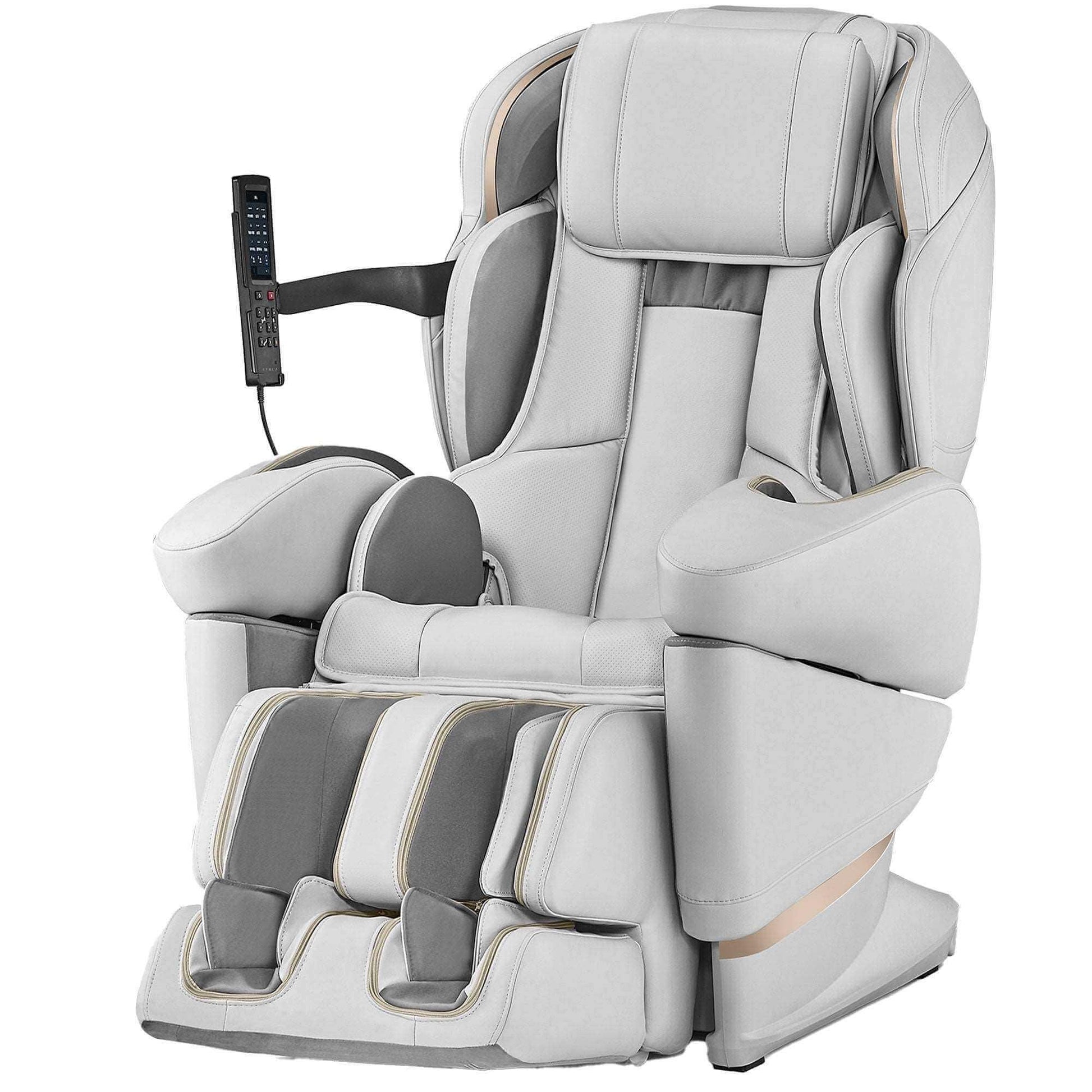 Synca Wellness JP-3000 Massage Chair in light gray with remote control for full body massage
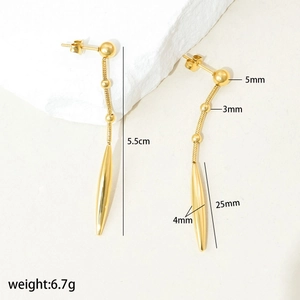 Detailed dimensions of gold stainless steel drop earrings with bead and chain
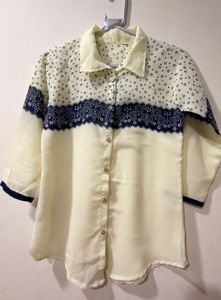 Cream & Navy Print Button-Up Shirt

-------------------------

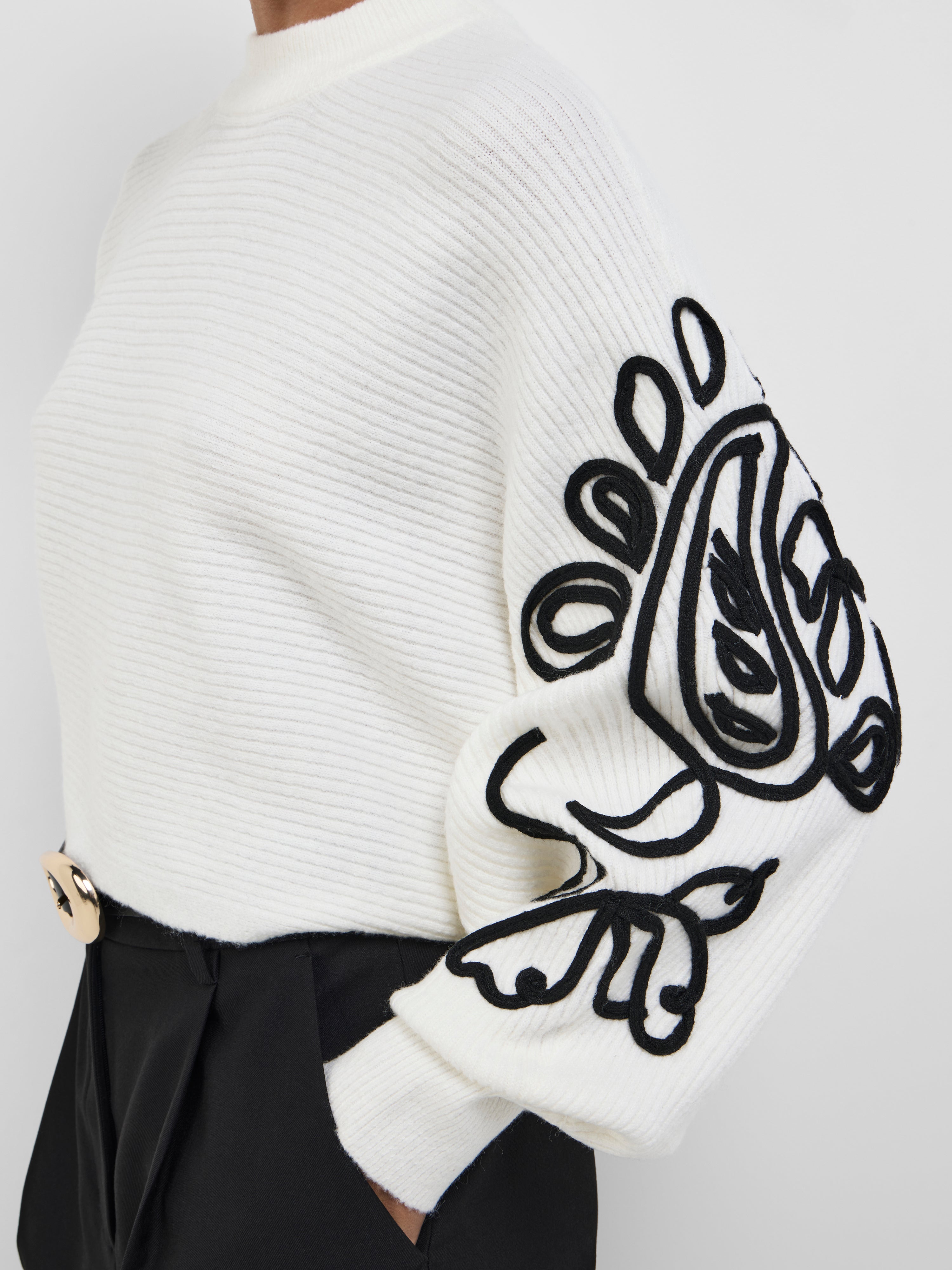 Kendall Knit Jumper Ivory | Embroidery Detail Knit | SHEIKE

-------------------------

Please repeat, exactly as written, the lines in the records above, starting with the one that has "Synca Wellness JP-3000" and going on through the one that has "Cream & Navy Print Button-Up Shirt". Pictures are to be left out.

 Synca Wellness JP-3000 Massage Chair in light gray with remote control for full body massage
 Detailed dimensions of gold stainless steel drop earrings with bead and chain
 Cream & Navy Print Button-Up Shirt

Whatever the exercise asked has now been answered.